My name is Mark Pollack, and I’m the Thomas J. Freaney, Jr., Professor of Political Science and Law and Jean Monnet Chair at Temple University, where I teach and do research on international institutions, international law, and the politics of the European Union, among other subjects. I served as the founding Director (2015-2020) of the interdisciplinary Global Studies Program and major at Temple, and I now (2022-2025) serve as Chair of the Department of Political Science.
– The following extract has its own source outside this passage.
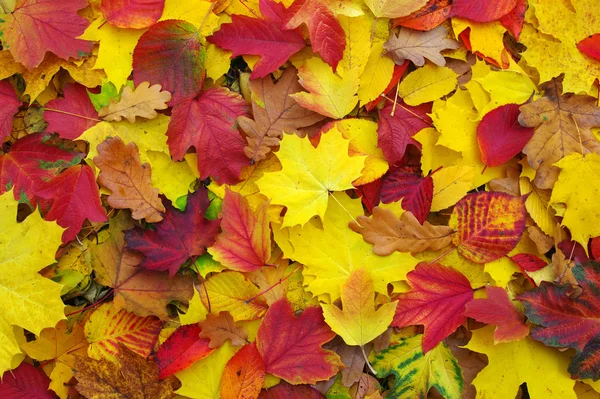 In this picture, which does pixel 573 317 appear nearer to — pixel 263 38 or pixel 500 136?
pixel 500 136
Much of my work focuses on the institutions and politics of the European Union, including my first book, The Engines of European Integration (Oxford University Press, 2003), and the more recent Policy-Making in the European Union (co-edited with Helen Wallace and Alasdair Young, Oxford University Press, 2010), and I’ve recently written about the history of the European Court of Justice, and the EU’s putative role as a “Normative Power.” I have also researched and written extensively about the EU’s close yet ambivalent relationship with the United States, including in When Cooperation Fails: The International Law and Politics of Genetically Modified Foods (co-authored with Greg Shaffer, Oxford University Press, 2009), and several edited volumes.
In recent years, my work has focused increasingly on the politics of international law. I recently co-edited, with Jeffrey Dunoff, a comprehensive volume on the subject, Interdisciplinary Perspectives on International Law and International Relations: The State of the Art (Cambridge University Press, 2013), as well as writing several articles (with Gregory Shaffer) on the interaction of hard and soft law, and soft law in international security. I am currently working on several related projects, including a comparative study of international judicial practices (with Dunoff), the lessons of international law for international relations scholars (also with Dunoff), and an ongoing project on the United States’ ambivalent relationship to international law.
Before coming to Temple, I was an Associate Professor of Political Science at the University of Wisconsin-Madison, and a Visiting Professor and Senior Research Fellow at the European University Institute, in Florence, Italy. In 2009, I was named by the European Union as a Jean Monnet Chair ad personam.